Koosje Jans houdt van helpen. Of zoals ze het zelf zegt: “Ik voorzorg graag mensen.”
Dus toen zowel José als ik op Boxing Day ziek werd, had Koosje Jans de tijd van haar leven. Ze bracht me een appeltje, hielp José met thee zetten en toen we allebei op bed lagen, kwam ze ons over de bol aaien, steeds herhalend hoe rustig ze wel kon zijn als wij ziek zijn. “Ik ben nu niet druk, hè, papa? Ik ben nu rustig, hè, mama? Ik kan heel goed zelf spelen, hè? Heb je nog iets nodig, mama? Zal ik je nog even aaien, papa?” Kortom, betere mantelzorg konden we ons niet wensen.
De volgende dag ging het met ons alweer iets beter, maar beter waren we nog niet. Koosje Jans zei dat ze wel een ontbijtje op bed kon maken.

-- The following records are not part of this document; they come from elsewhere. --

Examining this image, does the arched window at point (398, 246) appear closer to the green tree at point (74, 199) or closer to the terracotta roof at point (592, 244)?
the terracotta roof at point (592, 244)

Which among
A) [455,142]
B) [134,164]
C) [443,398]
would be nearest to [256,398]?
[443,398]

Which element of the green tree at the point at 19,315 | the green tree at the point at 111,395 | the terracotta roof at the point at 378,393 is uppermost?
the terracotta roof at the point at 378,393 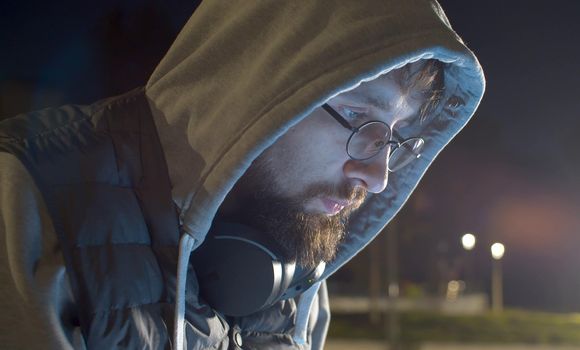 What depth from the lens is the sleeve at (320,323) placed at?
6.48 feet

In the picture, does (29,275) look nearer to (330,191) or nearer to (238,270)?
(238,270)

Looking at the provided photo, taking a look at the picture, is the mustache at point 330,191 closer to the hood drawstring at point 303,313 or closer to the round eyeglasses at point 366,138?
the round eyeglasses at point 366,138

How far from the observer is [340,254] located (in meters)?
1.91

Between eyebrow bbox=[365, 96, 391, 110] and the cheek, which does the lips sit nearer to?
the cheek

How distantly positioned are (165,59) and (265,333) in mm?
609

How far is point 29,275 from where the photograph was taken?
1.11m

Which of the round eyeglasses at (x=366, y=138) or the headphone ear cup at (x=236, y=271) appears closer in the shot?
the headphone ear cup at (x=236, y=271)

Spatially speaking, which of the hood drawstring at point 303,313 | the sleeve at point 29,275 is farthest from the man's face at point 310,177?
the sleeve at point 29,275

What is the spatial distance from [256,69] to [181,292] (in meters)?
0.42

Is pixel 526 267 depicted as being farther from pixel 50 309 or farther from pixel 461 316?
pixel 50 309

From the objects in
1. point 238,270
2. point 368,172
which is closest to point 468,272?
point 368,172

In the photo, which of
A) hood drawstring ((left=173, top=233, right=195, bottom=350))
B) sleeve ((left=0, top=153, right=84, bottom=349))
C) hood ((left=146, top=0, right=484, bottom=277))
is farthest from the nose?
sleeve ((left=0, top=153, right=84, bottom=349))

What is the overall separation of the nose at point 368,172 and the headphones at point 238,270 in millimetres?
234

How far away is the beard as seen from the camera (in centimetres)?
158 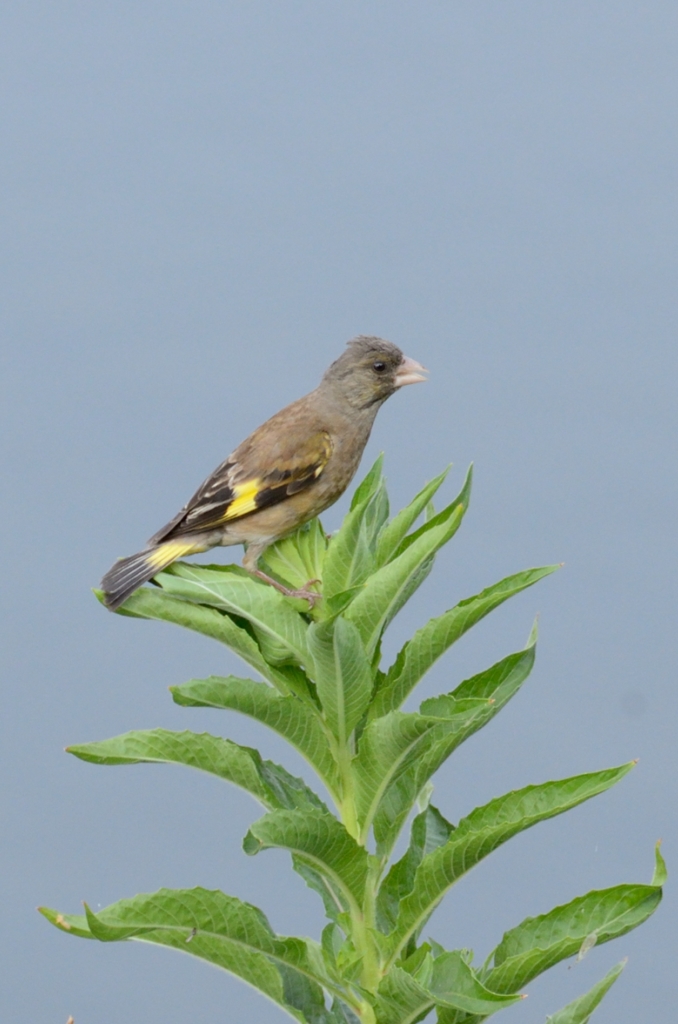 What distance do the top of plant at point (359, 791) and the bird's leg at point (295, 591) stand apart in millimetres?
60

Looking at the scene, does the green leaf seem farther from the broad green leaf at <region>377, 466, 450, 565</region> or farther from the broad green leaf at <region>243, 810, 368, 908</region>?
the broad green leaf at <region>243, 810, 368, 908</region>

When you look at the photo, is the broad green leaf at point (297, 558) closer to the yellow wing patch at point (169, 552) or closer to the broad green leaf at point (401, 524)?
the yellow wing patch at point (169, 552)

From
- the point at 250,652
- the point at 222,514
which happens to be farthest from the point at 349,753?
the point at 222,514

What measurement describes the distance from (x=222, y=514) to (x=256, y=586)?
1.03 metres

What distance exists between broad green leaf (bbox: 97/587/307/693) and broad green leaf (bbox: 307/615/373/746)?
12cm

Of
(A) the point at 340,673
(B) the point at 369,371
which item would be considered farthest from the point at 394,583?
(B) the point at 369,371

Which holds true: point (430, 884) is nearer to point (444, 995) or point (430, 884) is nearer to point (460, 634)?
point (444, 995)

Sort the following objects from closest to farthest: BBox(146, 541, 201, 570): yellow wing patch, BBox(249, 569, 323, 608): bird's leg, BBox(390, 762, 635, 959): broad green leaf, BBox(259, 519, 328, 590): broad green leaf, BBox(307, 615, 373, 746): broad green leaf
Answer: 1. BBox(390, 762, 635, 959): broad green leaf
2. BBox(307, 615, 373, 746): broad green leaf
3. BBox(249, 569, 323, 608): bird's leg
4. BBox(146, 541, 201, 570): yellow wing patch
5. BBox(259, 519, 328, 590): broad green leaf

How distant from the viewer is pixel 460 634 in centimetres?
452

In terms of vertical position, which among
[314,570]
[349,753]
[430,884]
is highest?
[314,570]

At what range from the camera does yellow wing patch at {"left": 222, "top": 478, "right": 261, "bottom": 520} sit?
18.3 feet

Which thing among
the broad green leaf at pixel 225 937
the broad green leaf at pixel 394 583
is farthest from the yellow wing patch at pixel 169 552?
the broad green leaf at pixel 225 937

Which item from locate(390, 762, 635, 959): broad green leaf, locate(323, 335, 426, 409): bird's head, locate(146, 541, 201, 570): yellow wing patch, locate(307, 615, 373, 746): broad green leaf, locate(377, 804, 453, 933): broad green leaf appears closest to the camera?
Answer: locate(390, 762, 635, 959): broad green leaf

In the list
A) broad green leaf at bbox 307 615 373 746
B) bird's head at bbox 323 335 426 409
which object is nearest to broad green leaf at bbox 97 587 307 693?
broad green leaf at bbox 307 615 373 746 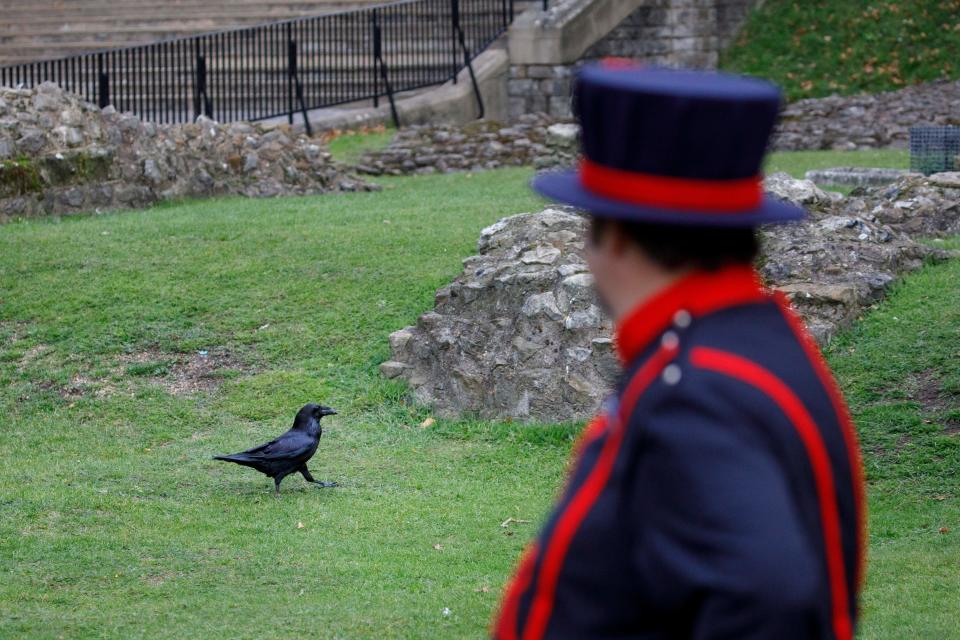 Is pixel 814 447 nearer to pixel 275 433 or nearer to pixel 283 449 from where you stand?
pixel 283 449

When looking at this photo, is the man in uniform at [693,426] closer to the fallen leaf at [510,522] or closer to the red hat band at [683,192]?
the red hat band at [683,192]

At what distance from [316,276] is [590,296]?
3066mm

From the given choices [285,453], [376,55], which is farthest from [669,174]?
[376,55]

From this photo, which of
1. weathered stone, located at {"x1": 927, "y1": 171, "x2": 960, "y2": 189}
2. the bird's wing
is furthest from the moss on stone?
weathered stone, located at {"x1": 927, "y1": 171, "x2": 960, "y2": 189}

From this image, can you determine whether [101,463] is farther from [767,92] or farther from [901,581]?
[767,92]

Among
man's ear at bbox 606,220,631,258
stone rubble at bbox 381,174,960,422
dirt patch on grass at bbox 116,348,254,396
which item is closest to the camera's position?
man's ear at bbox 606,220,631,258

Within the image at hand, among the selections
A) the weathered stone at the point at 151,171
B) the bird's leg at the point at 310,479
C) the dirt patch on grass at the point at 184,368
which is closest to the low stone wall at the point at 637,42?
the weathered stone at the point at 151,171

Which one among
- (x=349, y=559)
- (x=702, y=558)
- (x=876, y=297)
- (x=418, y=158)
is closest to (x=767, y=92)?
(x=702, y=558)

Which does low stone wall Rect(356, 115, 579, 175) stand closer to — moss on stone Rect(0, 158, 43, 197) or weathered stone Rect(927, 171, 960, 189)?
moss on stone Rect(0, 158, 43, 197)

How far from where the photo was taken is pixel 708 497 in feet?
5.66

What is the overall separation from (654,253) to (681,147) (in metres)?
0.16

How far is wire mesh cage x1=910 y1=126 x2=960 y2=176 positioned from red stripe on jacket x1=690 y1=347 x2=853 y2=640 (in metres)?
13.0

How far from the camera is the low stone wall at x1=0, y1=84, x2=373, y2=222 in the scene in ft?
44.9

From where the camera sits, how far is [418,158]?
18281 mm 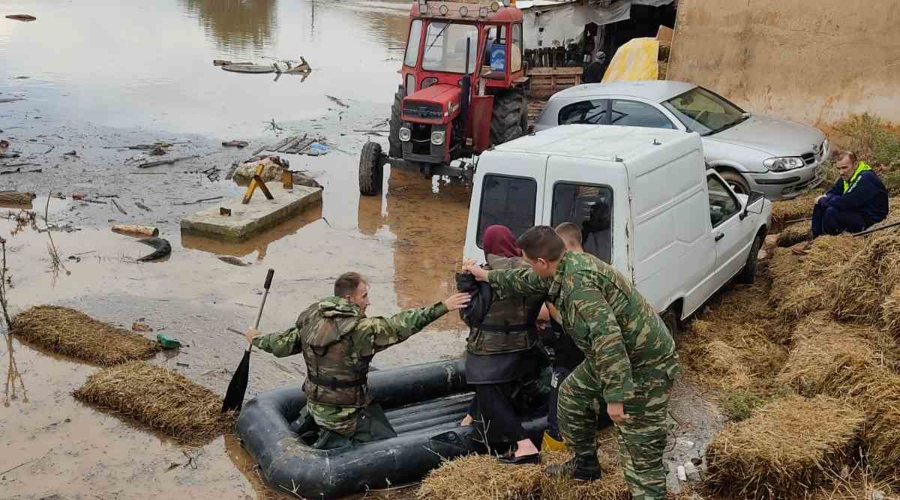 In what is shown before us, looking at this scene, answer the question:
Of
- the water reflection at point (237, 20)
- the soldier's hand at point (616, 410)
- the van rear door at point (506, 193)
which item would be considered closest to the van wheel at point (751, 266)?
the van rear door at point (506, 193)

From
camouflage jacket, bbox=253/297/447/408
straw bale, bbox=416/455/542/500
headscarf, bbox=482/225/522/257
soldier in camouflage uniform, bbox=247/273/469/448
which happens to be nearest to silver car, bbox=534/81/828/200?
headscarf, bbox=482/225/522/257

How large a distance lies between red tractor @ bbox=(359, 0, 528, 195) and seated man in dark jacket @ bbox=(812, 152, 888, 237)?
201 inches

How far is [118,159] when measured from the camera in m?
15.1

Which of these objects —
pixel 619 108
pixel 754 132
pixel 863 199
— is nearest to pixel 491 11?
pixel 619 108

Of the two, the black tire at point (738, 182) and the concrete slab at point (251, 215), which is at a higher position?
the black tire at point (738, 182)

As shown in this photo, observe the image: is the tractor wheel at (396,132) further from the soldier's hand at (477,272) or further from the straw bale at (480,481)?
the straw bale at (480,481)

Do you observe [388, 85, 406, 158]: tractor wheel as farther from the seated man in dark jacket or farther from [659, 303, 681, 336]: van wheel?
[659, 303, 681, 336]: van wheel

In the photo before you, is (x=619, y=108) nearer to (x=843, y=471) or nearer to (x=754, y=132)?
(x=754, y=132)

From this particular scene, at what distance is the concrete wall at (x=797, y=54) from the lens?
14.1 m

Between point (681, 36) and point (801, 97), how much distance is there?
7.85 ft

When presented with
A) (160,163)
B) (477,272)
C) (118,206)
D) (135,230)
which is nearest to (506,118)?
(135,230)

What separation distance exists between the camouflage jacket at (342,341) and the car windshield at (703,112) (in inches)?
298

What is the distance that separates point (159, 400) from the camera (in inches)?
257

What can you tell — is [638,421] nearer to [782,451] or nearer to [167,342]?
[782,451] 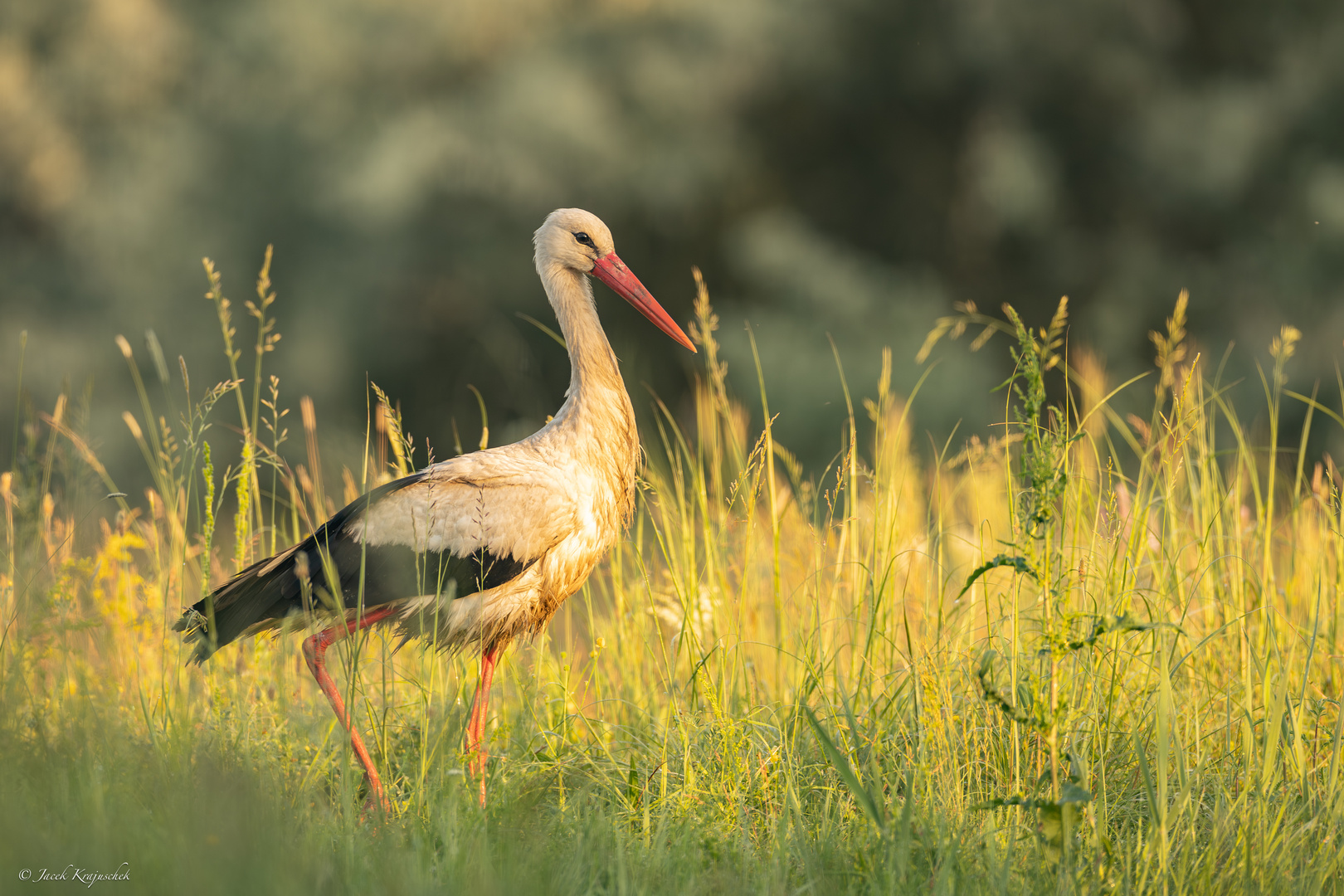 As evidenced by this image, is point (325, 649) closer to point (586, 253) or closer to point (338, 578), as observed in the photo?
point (338, 578)

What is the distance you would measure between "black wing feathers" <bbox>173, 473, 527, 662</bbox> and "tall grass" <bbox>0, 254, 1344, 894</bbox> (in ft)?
0.52

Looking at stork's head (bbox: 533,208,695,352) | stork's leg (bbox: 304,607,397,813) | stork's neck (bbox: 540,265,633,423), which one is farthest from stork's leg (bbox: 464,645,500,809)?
stork's head (bbox: 533,208,695,352)

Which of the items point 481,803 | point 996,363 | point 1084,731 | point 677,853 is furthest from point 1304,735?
point 996,363

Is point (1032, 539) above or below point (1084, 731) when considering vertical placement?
above

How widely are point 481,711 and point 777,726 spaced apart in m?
0.95

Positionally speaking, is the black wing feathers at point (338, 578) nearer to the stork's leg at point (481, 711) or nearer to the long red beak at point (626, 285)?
the stork's leg at point (481, 711)

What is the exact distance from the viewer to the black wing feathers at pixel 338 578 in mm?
3074

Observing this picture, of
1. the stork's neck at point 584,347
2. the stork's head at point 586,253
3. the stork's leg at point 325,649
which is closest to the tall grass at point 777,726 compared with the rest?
the stork's leg at point 325,649

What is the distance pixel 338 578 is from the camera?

En hoewel wij al een ontplofte keuken en gutsend bloed door een te scherp broodmes voor ons zagen, waren we te brak om haar tegen te houden.
We hoorden haar wat dingetjes pakken, de kraan ging open, de kraan ging dicht en ze kwam alweer naar boven! “Ik kan natuurlijk nog niet zelf brood snijden, maar ik heb water meegenomen en drie stuks fruit! Een banaan, een appel en een citroen. Ik wil de banaan.”
Toen ik snel riep dat ik de appel wilde, keek José een beetje zuur.